Человек замечает меня. Он что-то бормочет внизу. Я не могу разобрать ни одного слова, но чувствую, что голос его обращен ко мне. Наконец и я различаю в темноте ямы какое-то еще более темное, бесформенное пятно. Это и есть бормочущий человек.
– Товариш… друк…
Казах, что ли? Как же его вытащить? Рукой не дотянуться. И опасно протягивать руку, – как все спасающиеся, он вцепится намертво, с отчаянной силой, а края ямы – крутые, скользкие, на них не устоишь…
Человек сам за что-то цепляется, карабкается мне навстречу по отвесной стене – и срывается на дно. Падает тяжело, всем телом, встает, снова что-то бормочет.
Опустить ему конец брезентового шинельного ремня? Один, на самом краю, без устойчивой опоры, я его не вытащу… Позвать кого-нибудь на подмогу? Для этого надо идти назад, до самого вокзала…
– Погоди, сейчас тебе что-нибудь подам… – кричу я пленнику ямы.
Я отхожу в сторону, забираюсь в снег. Развалины полны всего, что могло бы сгодиться, но что можно отыскать под таким снегом?
Нашариваю что-то ногой. Край доски… Схватываюсь обеими руками. Доска присыпана кирпичным мусором, примерзла, – не вытащить. Нахожу какой-то чурбак, обломок бревна. Короток, не поможет…
Утесом – угол дома. На стене – радиатор отопления, от него – водопроводная труба. Длинная, метров пять. Другой конец ни к чему не прикреплен, висит, свободно. Хватаюсь за трубу, шатаю ее, гну так и этак, к себе, от себя, – там, где она скреплена с радиатором. Труба горелая, ржавая. Долго она не сопротивляется, обламывается с треском. От неожиданности я падаю вместе с ней. Встаю, примеряю. Подойдет. Засунув поочередно концы меж ребер радиатора, загибаю крючками – один и другой.
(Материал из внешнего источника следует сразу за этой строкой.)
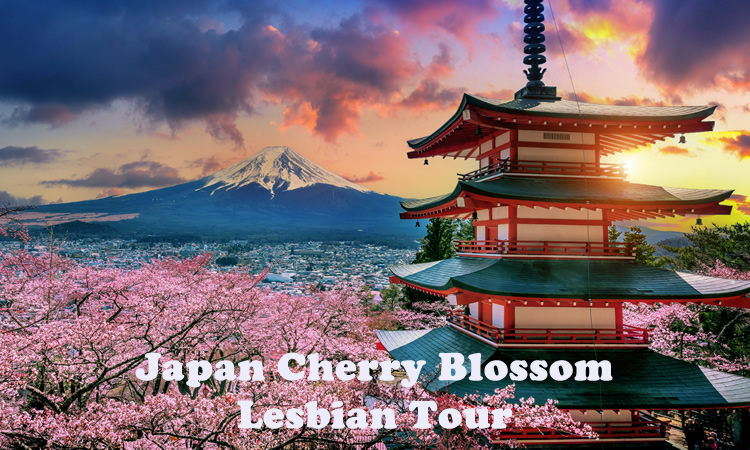 Japan Cherry Blossom Lesbian Tour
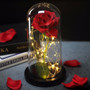 Beauty and the Beast Lamp - Enchanted Rose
Чтоб было удобней ухватиться человеку, а мне – держать.
Возвращаюсь к яме, кричу в темноту:
– Эй, где ты там?!
Глухой, сиплый, протяжный возглас в ответ. В нем – нетерпение, радость. Еще бы – померзнуть в такой ловушке!. Это просто счастье, везенье для бедняги, что я пошел через развалины. Мог ведь и не пойти здесь, выбрать другой путь. Точно какая-то телепатия направила меня по тропинке…
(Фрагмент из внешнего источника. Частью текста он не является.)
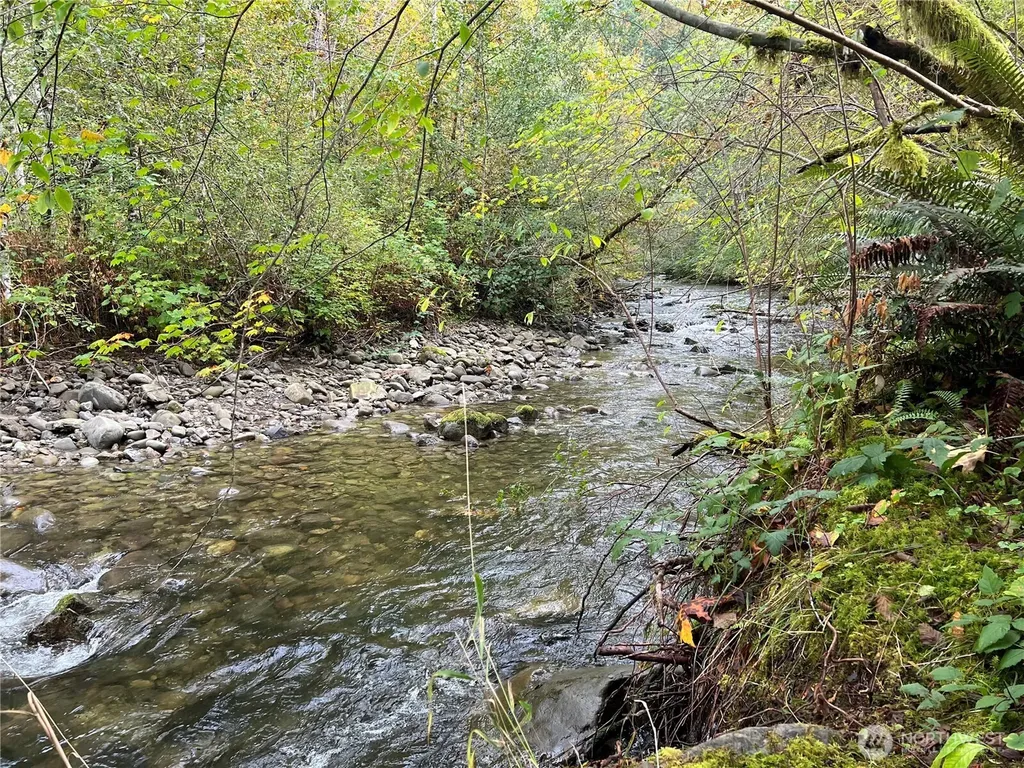 6467 Us Highway 101 Amanda Park WA 98526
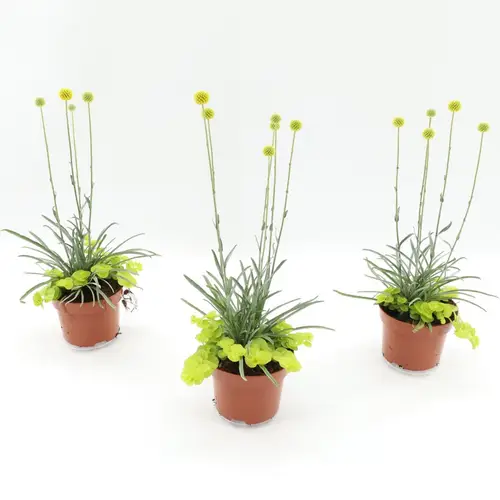 Craspedia gelb Lysimachia T13 H035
Опускаю трубу. Чувствую, как руки человека принимают ее.
– Погоди, погоди, дай стану…
Утаптываю под собою снег, пробиваю каблуками лунки для упора.
– Ну – давай!
Труба тяжелеет, рвется из моих рук. Упираюсь что есть сил, отклонившись всем телом назад. Слышно, как сапоги скребут по стене. Человек поднимается. Вдруг – резкий рывок. Сапоги соскальзывают с выступов, человек с криком повисает на трубе всей тяжестью, – и тут же я лечу на спину: он выпустил трубу из своих рук. Видно, он слаб, совсем обессилен морозом, ему не поднять себя из ямы, надо его тащить вместе с его усилиями.
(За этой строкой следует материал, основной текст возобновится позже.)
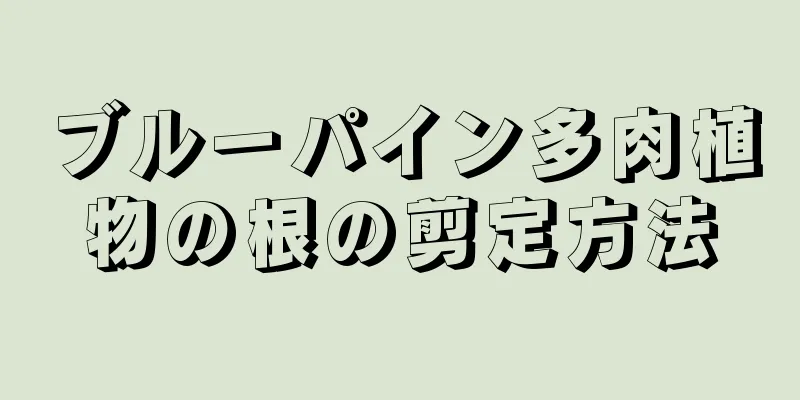 ブルーパイン多肉植物の根の剪定方法
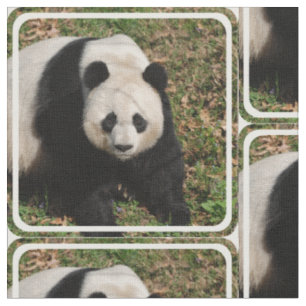 Gereizter Panda-Bär Stoff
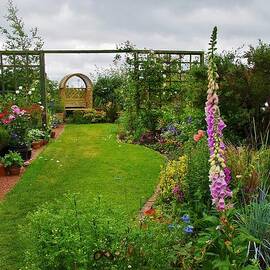 A Cottage Garden In Somerset by Lesley Evered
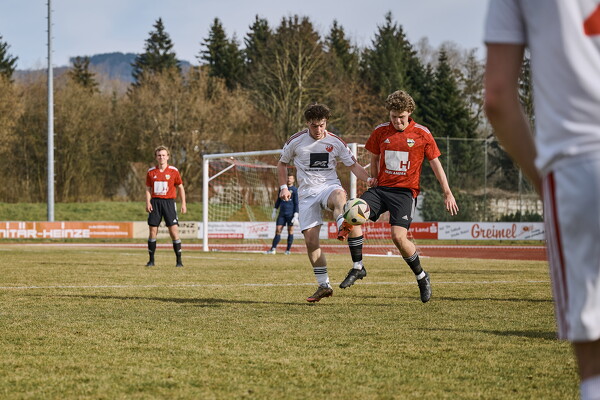 svl-sgs-25-03-22-15-22-34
– Давай снова! – кричу я в яму.
– Карашо, друк, карашо… Спасибо, друк…
Труба опять тяжелеет, я едва удерживаю ее рывки, сапоги скребут по стене. Ухватившись за крюк на конце трубы, я тащу ее изо всей мочи, отступая с нею от ямы, вбивая каблуки в снег.
Сначала темная голова, потом плечи появляются над краем ямы. Человек кряхтит, стонет от натуги, темной массой переваливается из ямы на снег и, то ли не имея сил подняться на ноги, то ли все еще не веря, что он выбрался, не отпуская трубы, пластом проползает по снегу еще метра два.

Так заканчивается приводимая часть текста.